Mars lander on way to red planet
CAPE CANAVERAL, Florida — A robotic geologist armed with a hammer and quake monitor rocketed toward Mars on Saturday, aiming to land on the red planet and explore its mysterious insides.
In a twist, NASA launched the Mars InSight lander from California rather than Florida’s Cape Canaveral. It was the first interplanetary mission ever to depart from the US West Coast, drawing predawn crowds to Vandenberg Air Force Base.
“Mars, here I come! 6 months and counting to the Red Planet,” the mission team tweeted.
“This is a big day. We’re going back to Mars!” NASA’s new boss, Jim Bridenstine, said following liftoff. “This is an extraordinary mission with a whole host of firsts.”
The spacecraft will take more than six months to get to Mars and start its unprecedented geologic excavations, traveling 485 million kilometers to get there.

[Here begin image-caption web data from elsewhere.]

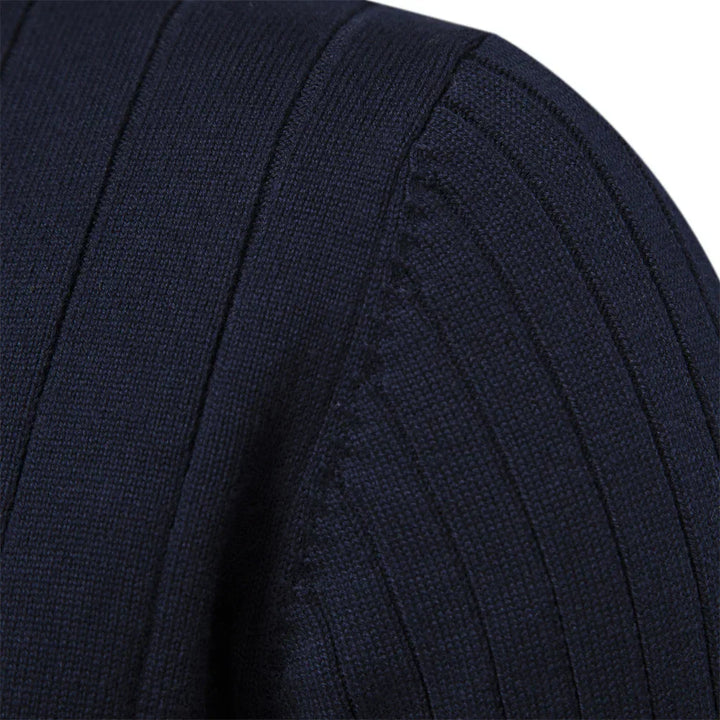 Casper - Klassisk herresweater med et moderne touch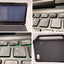 Lot of 17 Dell Latitude 5420, 5430 & 7220 Rugged No AC / OS
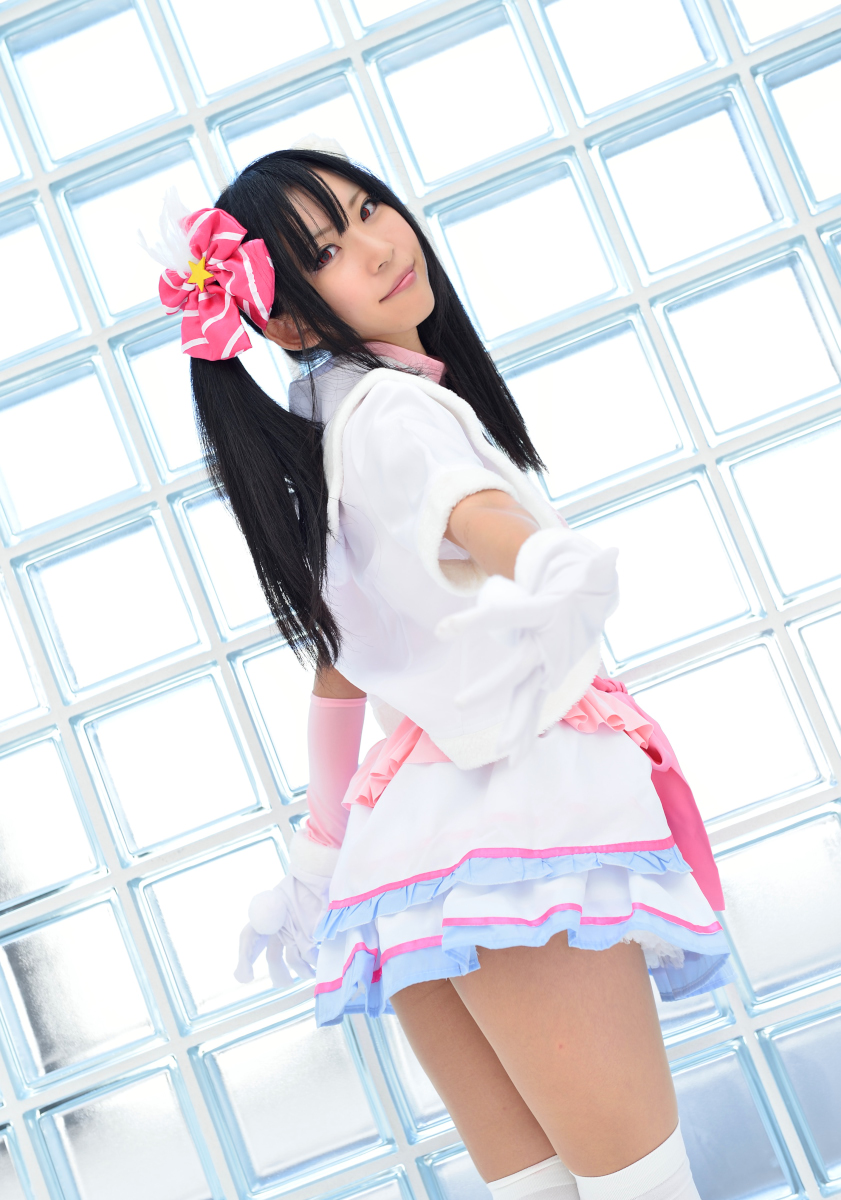 [Hạt dẻ] Nụ cười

InSight will dig deeper into Mars than ever before — nearly five meters — to take the planet’s temperature. It will also attempt to make the first measurements of marsquakes, using a high-tech seismometer placed directly on the Martian surface.
“That’s the real payoff of this whole mission and that’s still lying ahead of us,” said the mission’s chief scientist, Bruce Banerdt of NASA’s Jet Propulsion Laboratory in Pasadena, California.
Although fog prevented Banerdt from seeing the liftoff of the $1 billion US-European mission, he heard the roar of the rocket and all the blaring car alarms it set off.
“It was just an incredible moment,” Banerdt said. Despite the challenges still ahead, “I think I can bask in a little bit of satisfaction and just feeling like we really accomplished something today”.
Besides InSight, the United Launch Alliance’s Atlas V rocket gave a lift to a pair of mini test satellites, or CubeSats, that are trailing InSight to Mars to serve as a potential communication link. Nicknamed WALL-E and EVE from the 2008 animated movie, the twin briefcase-size spacecraft popped off the rocket’s upper stage in hot pursuit of InSight, as elated launch controllers applauded and shook hands following the morning’s success.
Curiosity rover
NASA hasn’t put a spacecraft down on Mars since the Curiosity rover in 2012. The United States, in fact, is the only country to successfully land and operate a spacecraft at Mars. It’s tough, complicated stuff. Only about 40 percent of all missions to Mars from all countries orbiters and landers alike have proved successful over the decades.
If all goes well, the threelegged InSight will descend by parachute and engine firings onto a flat region of Mars believed to be free of big, potentially dangerous rocks on Nov 26. Once down, it will stay put, using a mechanical arm to place the science instruments on the surface.
Banerdt said Mars is ideal for learning how the rocky planets of our solar system formed 4.5 billion years ago. Unlike our active Earth, Mars hasn’t been transformed by plate tectonics and other processes, he said. InSight might also help explain why some planets went on to develop life, while others did not.